Athlete profile: Liliya Shobukhova

Russian marathoner Liliya Shobukhova turns 35 today (13 November). Marathon Intervals took a look at the life of the second fastest woman to ever run 26.2 miles.

Liliya Shobukhova crosses the finish line in the 2011 Chicago Marathon. (José M. Osorio/ Chicago Tribune)

Liliya Shobukhova has not had what could be described as a standard entrance to the world of marathon running. She grew up in the rural Russian town of Beloretsk in the 1990’s her family facing extreme poverty, the winter temperatures getting as low as -25 and the nearest indoor track more than 100km from her house. As a child her ambitions were more focused on ice skating than on running. Having been convinced to join her local running club as a nine-year-old, she raced predominantly shorter distances as a sprinter and then building up to become a 1500m and 3000m runner, setting personal bests for both in 2004 (4:03.78/8:34.85).

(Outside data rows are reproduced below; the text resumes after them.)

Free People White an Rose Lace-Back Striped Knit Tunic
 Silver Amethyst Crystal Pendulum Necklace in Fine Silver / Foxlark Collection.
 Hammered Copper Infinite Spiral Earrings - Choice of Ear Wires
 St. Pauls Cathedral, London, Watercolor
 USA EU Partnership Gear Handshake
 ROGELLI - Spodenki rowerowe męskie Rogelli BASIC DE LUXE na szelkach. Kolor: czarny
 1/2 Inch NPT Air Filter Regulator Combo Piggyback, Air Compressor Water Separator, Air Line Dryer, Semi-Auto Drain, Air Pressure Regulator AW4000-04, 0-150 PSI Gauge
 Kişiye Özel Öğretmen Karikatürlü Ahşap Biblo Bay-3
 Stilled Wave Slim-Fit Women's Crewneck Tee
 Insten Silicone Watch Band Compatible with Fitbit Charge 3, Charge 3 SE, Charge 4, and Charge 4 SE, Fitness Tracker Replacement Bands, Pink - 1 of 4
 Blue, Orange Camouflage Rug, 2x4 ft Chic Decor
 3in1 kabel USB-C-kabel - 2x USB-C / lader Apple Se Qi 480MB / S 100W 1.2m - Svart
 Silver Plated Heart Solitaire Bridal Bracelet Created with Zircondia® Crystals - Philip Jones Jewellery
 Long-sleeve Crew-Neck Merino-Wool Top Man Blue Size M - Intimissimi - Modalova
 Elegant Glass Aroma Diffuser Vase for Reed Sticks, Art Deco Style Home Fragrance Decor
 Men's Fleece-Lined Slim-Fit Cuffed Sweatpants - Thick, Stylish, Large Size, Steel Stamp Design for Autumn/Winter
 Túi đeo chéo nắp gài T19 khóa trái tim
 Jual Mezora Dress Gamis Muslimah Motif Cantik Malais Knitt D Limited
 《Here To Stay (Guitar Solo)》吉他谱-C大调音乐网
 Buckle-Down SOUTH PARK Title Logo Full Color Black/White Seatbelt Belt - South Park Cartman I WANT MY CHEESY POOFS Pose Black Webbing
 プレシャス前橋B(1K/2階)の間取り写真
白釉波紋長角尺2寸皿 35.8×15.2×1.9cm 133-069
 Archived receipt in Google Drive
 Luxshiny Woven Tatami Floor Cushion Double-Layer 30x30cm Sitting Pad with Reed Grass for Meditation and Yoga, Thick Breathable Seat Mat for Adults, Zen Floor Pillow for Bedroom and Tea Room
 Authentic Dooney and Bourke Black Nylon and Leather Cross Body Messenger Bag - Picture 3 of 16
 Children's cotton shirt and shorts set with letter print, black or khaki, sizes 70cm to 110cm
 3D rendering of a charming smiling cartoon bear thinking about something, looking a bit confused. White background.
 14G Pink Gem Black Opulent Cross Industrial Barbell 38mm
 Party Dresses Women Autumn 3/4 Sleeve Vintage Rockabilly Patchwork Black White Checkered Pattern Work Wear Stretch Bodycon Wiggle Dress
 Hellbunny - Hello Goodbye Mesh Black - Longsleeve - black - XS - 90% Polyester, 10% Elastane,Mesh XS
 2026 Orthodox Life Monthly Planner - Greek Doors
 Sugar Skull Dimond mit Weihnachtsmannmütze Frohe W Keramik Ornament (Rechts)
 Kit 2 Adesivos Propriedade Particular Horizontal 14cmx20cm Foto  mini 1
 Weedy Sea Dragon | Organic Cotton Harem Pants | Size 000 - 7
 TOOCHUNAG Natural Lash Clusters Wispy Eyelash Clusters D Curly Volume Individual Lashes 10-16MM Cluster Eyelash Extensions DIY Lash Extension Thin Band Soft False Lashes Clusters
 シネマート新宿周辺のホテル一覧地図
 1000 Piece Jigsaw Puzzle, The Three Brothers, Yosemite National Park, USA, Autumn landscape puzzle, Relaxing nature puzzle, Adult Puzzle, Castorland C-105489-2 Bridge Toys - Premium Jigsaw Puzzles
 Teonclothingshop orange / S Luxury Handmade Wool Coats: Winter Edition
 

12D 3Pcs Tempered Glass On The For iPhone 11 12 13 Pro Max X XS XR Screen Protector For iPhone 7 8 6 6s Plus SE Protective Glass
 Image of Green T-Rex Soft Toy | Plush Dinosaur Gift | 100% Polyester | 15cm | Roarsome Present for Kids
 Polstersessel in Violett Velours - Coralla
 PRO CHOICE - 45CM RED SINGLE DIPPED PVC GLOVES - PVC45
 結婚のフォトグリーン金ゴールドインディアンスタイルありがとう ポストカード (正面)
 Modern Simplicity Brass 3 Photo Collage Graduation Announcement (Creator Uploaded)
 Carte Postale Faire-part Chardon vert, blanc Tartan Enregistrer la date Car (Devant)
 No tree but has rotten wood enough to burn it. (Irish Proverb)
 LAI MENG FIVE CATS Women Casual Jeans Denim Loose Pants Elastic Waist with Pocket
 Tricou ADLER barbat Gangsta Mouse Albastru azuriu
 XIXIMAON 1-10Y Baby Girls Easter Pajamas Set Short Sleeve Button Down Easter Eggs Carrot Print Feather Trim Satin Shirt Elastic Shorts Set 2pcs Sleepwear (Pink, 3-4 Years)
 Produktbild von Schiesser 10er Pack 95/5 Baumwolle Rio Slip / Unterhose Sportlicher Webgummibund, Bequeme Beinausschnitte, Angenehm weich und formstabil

In 2007 she started running longer, winning the Prague Half Marathon and competing at the IAAF World Road Running Championships. After representing Russia in the 5000m at the 2008 Beijing Olympics, Shobukhova made the jump to the marathon, coming third in the 2009 London Marathon in 2:24:24.

From there she had a golden run, winning three Chicago Marathons (2009/10/11), the 2010 London Marathon and placing second in London in 2011. She ran the 2011 Chicago Marathon in 2:18:20, the fourth fastest time by a female ever and the second fastest woman as the three other times were recorded by Paula Radcliffe.

Shobukhova sadly could not continue her form through to the London Olympics, withdrawing with injury just over halfway through. She ran the 2012 Chicago Marathon but could not defend for a fourth title, finishing fourth in 2:22:59, 56 seconds behind Ethiopia’s Atsede Baysa.

Shobukhova has had to deal with personal tragedy with the death of her first husband, however is now re-married and has a daughter, along with five cats, a dog and a parrot!

“I think the marathon best suits my character,” Shobukhova told the IAAF in the lead up to the London Olympics. “It is like playing chess. I have a goal for every 5kms of the race. If the situation changes I have to correct my goals, to adjust tactics. It is really a great challenge for me.”